The District Condos are StreetSide's first downtown development and its first heritage conversion.
Although it's done a number of infill developments in older, established neighbourhoods such as Osborne Village and St. Boniface, they were new builds.
None involved converting an existing building to a new use.
Maykut admitted converting the century-old Exchange District heritage buildings has been challenging.
"I would probably call it a labour of love. There are definitely complexities in working with these buildings," he explained.
"The buildings aren't perfectly square, so every column, every wall -- everything -- is just a little out of line."
There's also the challenge of removing lead paint and asbestos found in the buildings.
"But I think having gone through three and now going into the fourth, we've learned quite a bit along the way, and we're a little better at dealing with things," he added.
While it's been challenging, Maykut said StreetSide has no regrets about taking on the projects.
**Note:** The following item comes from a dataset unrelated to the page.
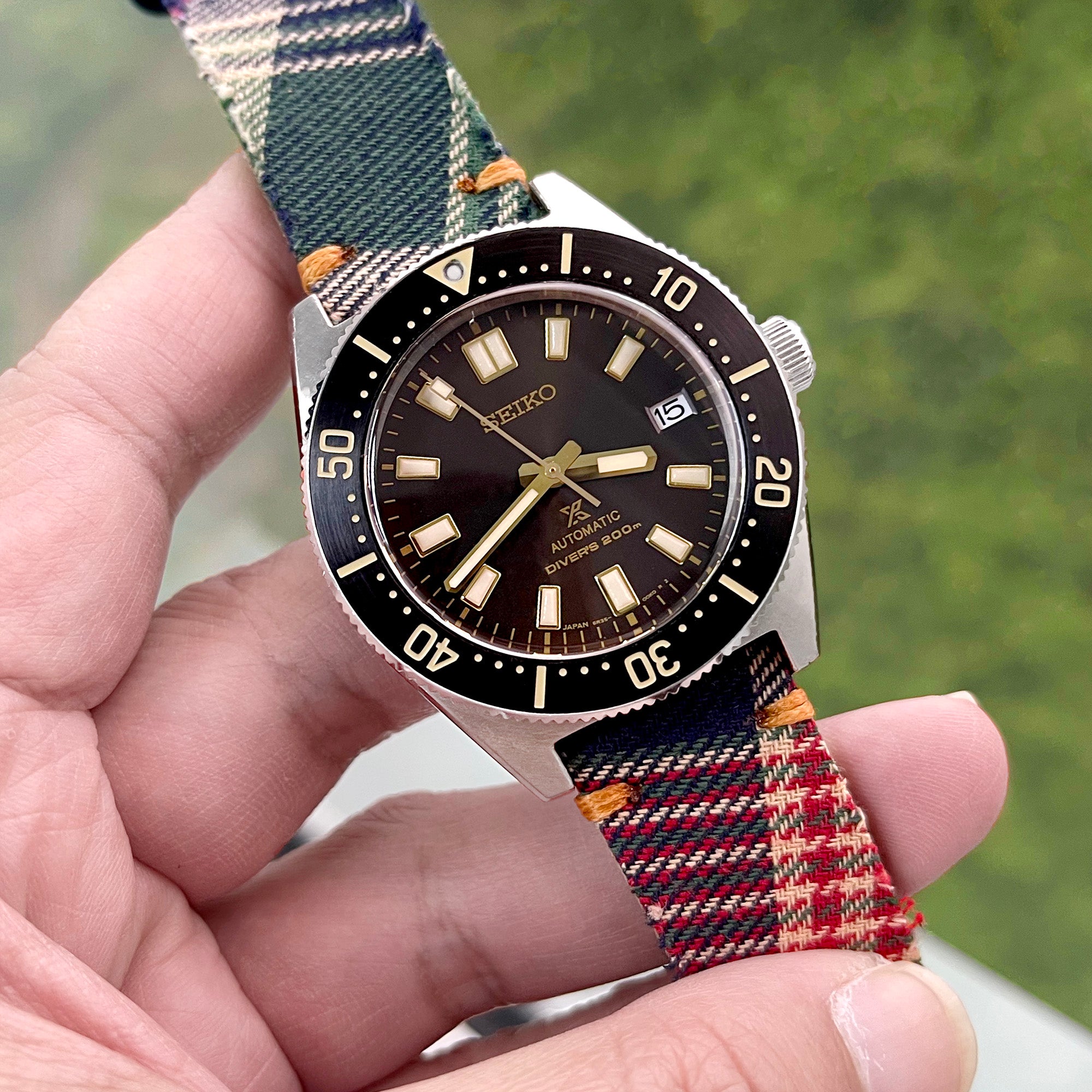 20mm MiLTAT Dundee Tartan Pattern Watch Strap, Brown Stitching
"I think they (the new condos) are great for Winnipeg, and I think it's helping our downtown. It's kind of giving more of an urban lifestyle option, and in terms of a legacy, I think they are fabulous projects."
He also suggested they may not be the company's last downtown conversions.
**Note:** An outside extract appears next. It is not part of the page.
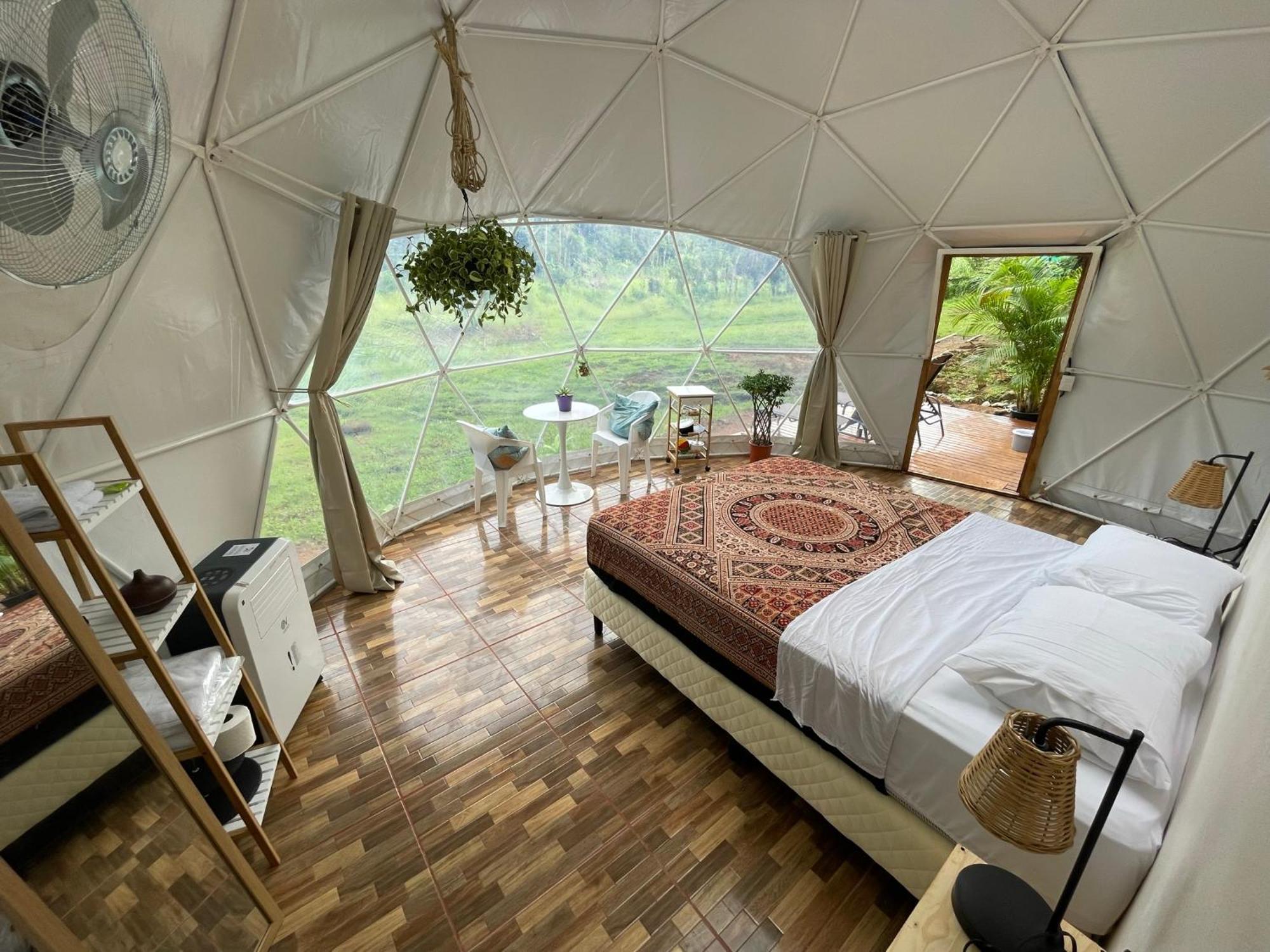 La Comarca River Glamping Dome Near מנואל אנטוניו מראה חיצוני תמונה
"If the 139-145 Market building goes really well, we will probably be off looking for our next opportunity."
StreetSide's original plans called for the construction of an eight-storey, 50- to 60-unit condo complex on a parking lot the company owns at the corner of James Avenue and Lily Street.
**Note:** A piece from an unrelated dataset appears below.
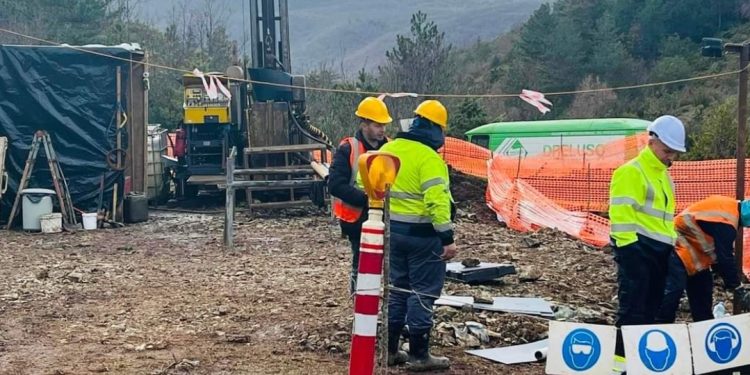 Një tjetër hidrocentral po ndërtohet në Shqipëri, “dritë jeshile” për zhvillim në zonën…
However, Maykut said that's been put on hold until a proposed 450-stall parkade and retail space is built on a provincially owned parking lot on James Avenue.
"It's definitely a future project, but right now we need that parking lot to sell condos," he said, noting buyers need the 40-plus stalls for their vehicles until a neighbourhood parkade is built.
The province has offered its parking lot, and the city has offered $5 million in funding if a developer can be found to build and operate a parkade.
StreetSide's parent company, Qualico, and Sunstone Resort Communities at one time proposed building a mixed-use facility on the provincial lot that would have included a parkade, residential units and some main-floor commercial space. But they later changed their minds after the costs became prohibitive.
Angela Mathieson, president of CentreVenture Development Corp., said the province has said it's in the process of preparing a new request for proposals in hopes of finding another developer to build the parkade. She couldn't say how soon it might be issued.